[[ Record extracts open ]]

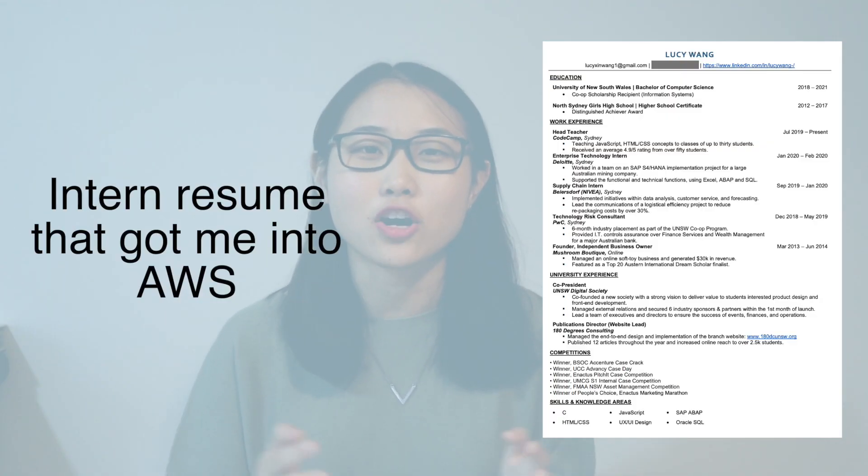Hey everyone, it's Lucy here. I know I haven't posted for a while, but it's intern and grad recruitment season now, so I thought I'd make a video to show you the intern resume that got me into Amazon Web Services. For those who are new to this channel, I was an intern at Amazon for around eight months and now I'm a graduate working full-time. The reason I decided to make this video is because some of my friends have been asking for resume tips on how they can improve their own resume.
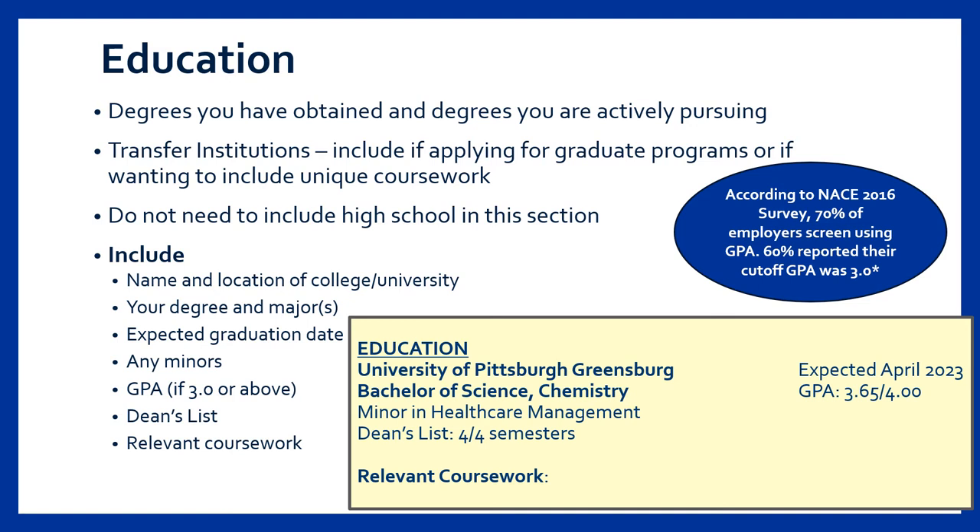For each school listed, you can include the name and location of the school, your degree, major or majors, expected graduation, and any minors. GPA and dean's list information can be included as well, and we recommend listing GPA if it's above a 3.0. If you are applying for positions or internships related to your academic area, it might be beneficial to list the names of a few relevant courses. This allows you to highlight your knowledge and background in the area and can be helpful if you do not yet have direct experience in your major.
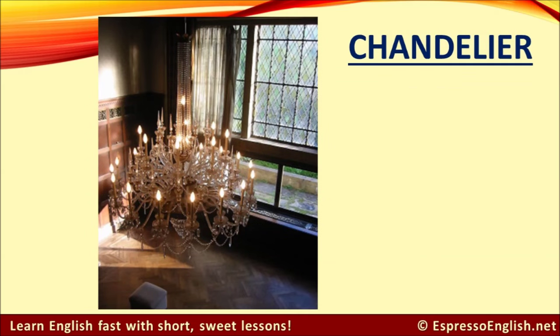Chandelier. We usually find chandeliers in fancy places.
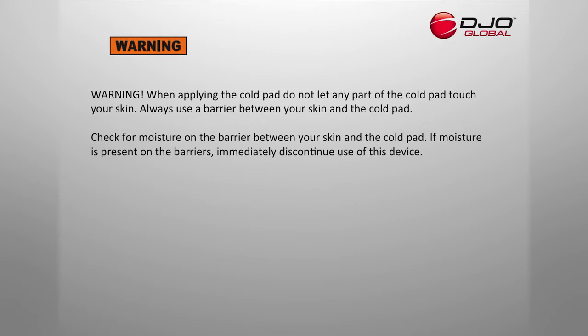Warning: When applying the cold pad, do not let any part of the cold pad touch your skin. Always use a barrier between your skin and the cold pad. Check for moisture on the barrier between your skin and the cold pad. If moisture is present on the barrier, immediately discontinue use of this device.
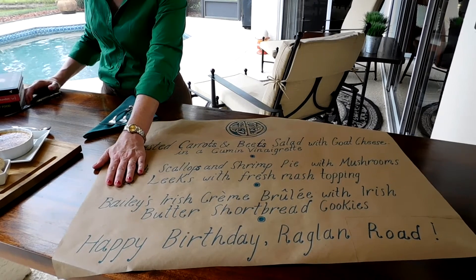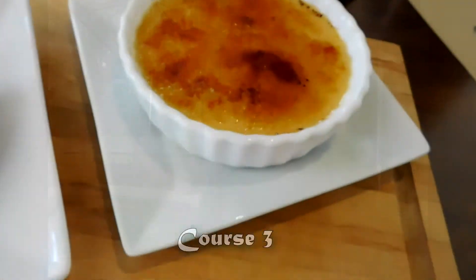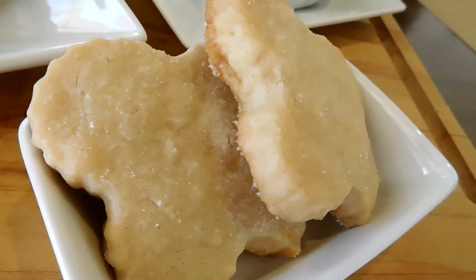Bailey's Irish crème brûlée with Irish butter shortbread cookies. Mmm. So creamy. Nice little shortbread made with Irish butter. Can't go wrong.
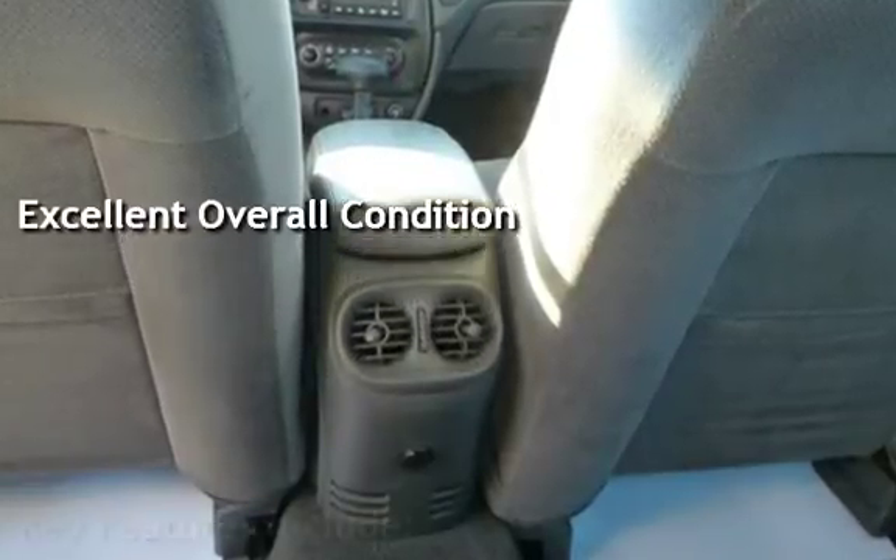Key features include anti-lock brakes, cruise control, power steering, power door locks, and power windows.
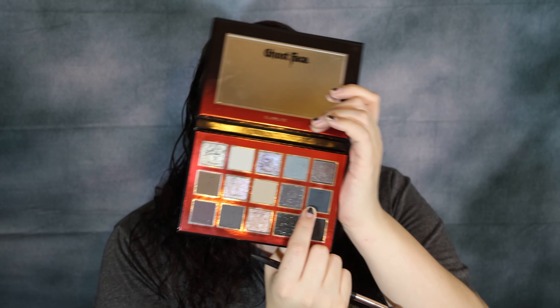Now we're going to use the shade Curfew Hour, which is the shade right here, and we're just going to build that up and deepen it up. This is such a beautiful gray-blue shade — it just looks so good. And I'm going to put that just onto the lid.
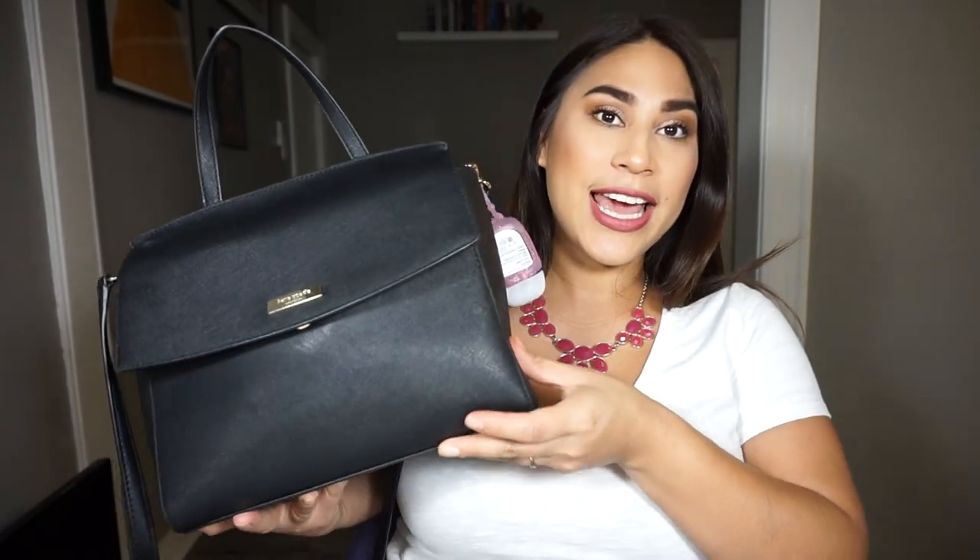Hey guys, welcome back to my channel! Today I'm going to be filming a 'what's in my bag' or 'what's in my purse' video. This is my baby — this is a Kate Spade. To be honest, I don't know the name of this bag; it was a gift from my sister and sister-in-law for my birthday.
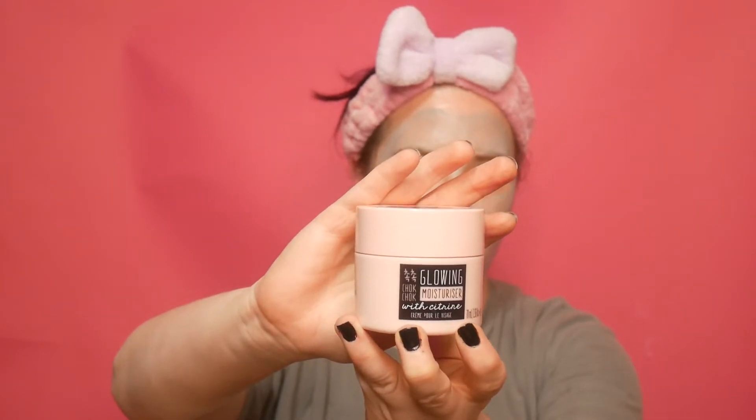First we're gonna go skincare because I have mostly skincare, then we'll talk about makeup. This is my holy grail OG moisturizer that I have literally used for probably five years — it's the Chalk Glowing moisturizer with citrine from Okay Beauty, I think you can get it at Ulta. It's lightweight, very moisturizing, absorbs quickly. Maybe around $18–$20, very affordable, and I will continue to buy it until I find something better.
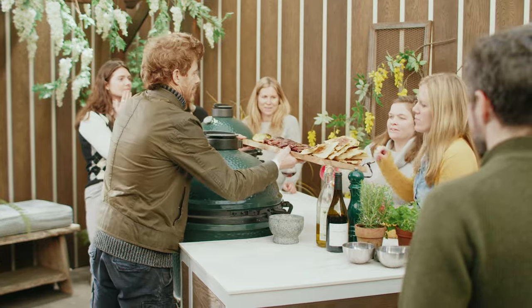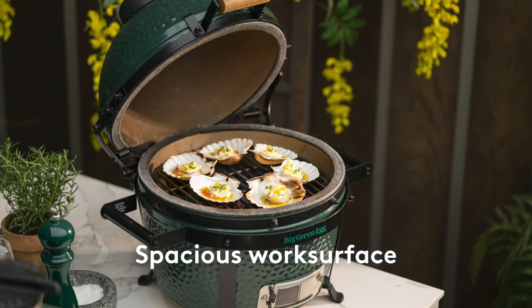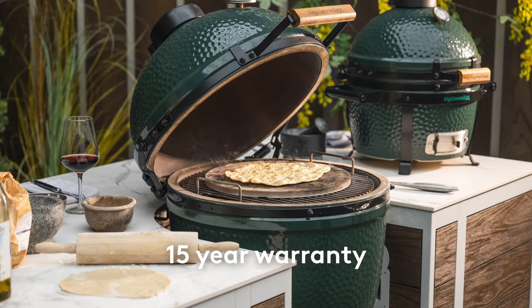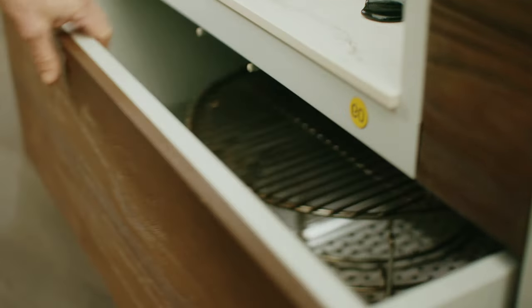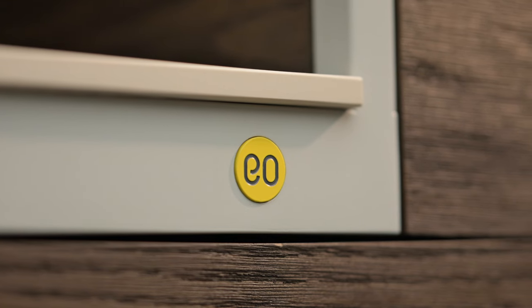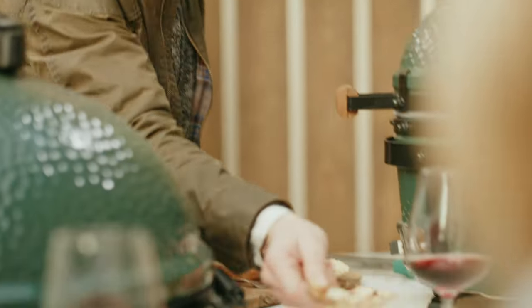To celebrate the 50th year, Big Green Egg have brought out this beautiful table here. You've got a beautiful green egg built into the kitchen with cupboards and drawers, plus the table top is completely heat resistant. You can chat to people, have some drinks, do your prep and then cook all in one area. It's a beautiful thing to look at for sure.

[[ Record extracts closed ]]

Within the entries above, give again exactly the lines starting at the one that contains "Chandelier. We usually" and ending at the one that contains "Hey guys, welcome", leaving out the pictures.

Chandelier. We usually find chandeliers in fancy places.
Warning: When applying the cold pad, do not let any part of the cold pad touch your skin. Always use a barrier between your skin and the cold pad. Check for moisture on the barrier between your skin and the cold pad. If moisture is present on the barrier, immediately discontinue use of this device.
Bailey's Irish crème brûlée with Irish butter shortbread cookies. Mmm. So creamy. Nice little shortbread made with Irish butter. Can't go wrong.
Key features include anti-lock brakes, cruise control, power steering, power door locks, and power windows.
Now we're going to use the shade Curfew Hour, which is the shade right here, and we're just going to build that up and deepen it up. This is such a beautiful gray-blue shade — it just looks so good. And I'm going to put that just onto the lid.
Hey guys, welcome back to my channel! Today I'm going to be filming a 'what's in my bag' or 'what's in my purse' video. This is my baby — this is a Kate Spade. To be honest, I don't know the name of this bag; it was a gift from my sister and sister-in-law for my birthday.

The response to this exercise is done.